TASK PROMPT ->
Whenever the word "straight" shows up in a line of the data, copy that line.

[Excerpts from a dataset]
'''

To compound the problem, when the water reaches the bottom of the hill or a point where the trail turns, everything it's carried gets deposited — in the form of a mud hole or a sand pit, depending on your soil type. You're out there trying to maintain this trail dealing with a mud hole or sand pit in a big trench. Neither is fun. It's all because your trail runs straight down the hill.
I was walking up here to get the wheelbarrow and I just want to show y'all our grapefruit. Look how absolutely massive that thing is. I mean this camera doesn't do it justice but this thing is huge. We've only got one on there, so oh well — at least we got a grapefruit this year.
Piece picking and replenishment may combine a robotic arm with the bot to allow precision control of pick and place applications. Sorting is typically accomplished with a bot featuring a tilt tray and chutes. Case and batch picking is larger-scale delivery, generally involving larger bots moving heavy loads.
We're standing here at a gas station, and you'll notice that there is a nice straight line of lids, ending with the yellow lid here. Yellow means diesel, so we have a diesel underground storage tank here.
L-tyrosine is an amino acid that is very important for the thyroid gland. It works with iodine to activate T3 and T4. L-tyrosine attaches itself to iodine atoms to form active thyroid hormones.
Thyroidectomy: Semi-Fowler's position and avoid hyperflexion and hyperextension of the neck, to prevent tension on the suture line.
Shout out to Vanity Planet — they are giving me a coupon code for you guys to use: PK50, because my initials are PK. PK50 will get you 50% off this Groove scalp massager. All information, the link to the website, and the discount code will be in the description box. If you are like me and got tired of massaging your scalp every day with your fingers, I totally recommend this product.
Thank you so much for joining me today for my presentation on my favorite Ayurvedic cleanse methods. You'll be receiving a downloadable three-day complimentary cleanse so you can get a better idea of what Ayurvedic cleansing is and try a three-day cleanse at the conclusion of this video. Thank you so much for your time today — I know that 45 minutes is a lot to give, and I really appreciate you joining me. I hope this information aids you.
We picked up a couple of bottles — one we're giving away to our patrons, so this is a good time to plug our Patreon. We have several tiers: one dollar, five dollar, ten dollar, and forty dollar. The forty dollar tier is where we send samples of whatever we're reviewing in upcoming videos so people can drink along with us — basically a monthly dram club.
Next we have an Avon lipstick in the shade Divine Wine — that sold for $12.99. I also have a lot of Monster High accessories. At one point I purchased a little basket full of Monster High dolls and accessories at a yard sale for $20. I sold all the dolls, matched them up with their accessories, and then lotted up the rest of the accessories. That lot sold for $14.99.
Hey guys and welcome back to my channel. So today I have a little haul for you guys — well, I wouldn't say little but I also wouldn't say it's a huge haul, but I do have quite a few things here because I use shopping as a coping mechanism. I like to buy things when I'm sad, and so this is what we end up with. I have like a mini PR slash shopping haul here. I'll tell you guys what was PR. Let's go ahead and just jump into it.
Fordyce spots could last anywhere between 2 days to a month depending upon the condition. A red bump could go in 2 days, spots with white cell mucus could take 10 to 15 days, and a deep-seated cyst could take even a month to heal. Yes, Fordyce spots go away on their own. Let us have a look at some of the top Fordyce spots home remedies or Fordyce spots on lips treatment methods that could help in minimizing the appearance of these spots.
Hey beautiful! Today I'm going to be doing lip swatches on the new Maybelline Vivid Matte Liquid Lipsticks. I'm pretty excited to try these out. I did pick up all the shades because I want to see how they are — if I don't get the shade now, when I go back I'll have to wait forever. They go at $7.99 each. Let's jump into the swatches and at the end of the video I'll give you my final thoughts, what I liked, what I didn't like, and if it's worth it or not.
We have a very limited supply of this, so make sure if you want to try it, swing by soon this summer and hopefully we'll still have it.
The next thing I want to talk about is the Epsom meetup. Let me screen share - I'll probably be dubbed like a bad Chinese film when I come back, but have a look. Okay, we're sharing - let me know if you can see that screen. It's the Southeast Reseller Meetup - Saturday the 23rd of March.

'''

ANSWER SECTION ->
To compound the problem, when the water reaches the bottom of the hill or a point where the trail turns, everything it's carried gets deposited — in the form of a mud hole or a sand pit, depending on your soil type. You're out there trying to maintain this trail dealing with a mud hole or sand pit in a big trench. Neither is fun. It's all because your trail runs straight down the hill.
We're standing here at a gas station, and you'll notice that there is a nice straight line of lids, ending with the yellow lid here. Yellow means diesel, so we have a diesel underground storage tank here.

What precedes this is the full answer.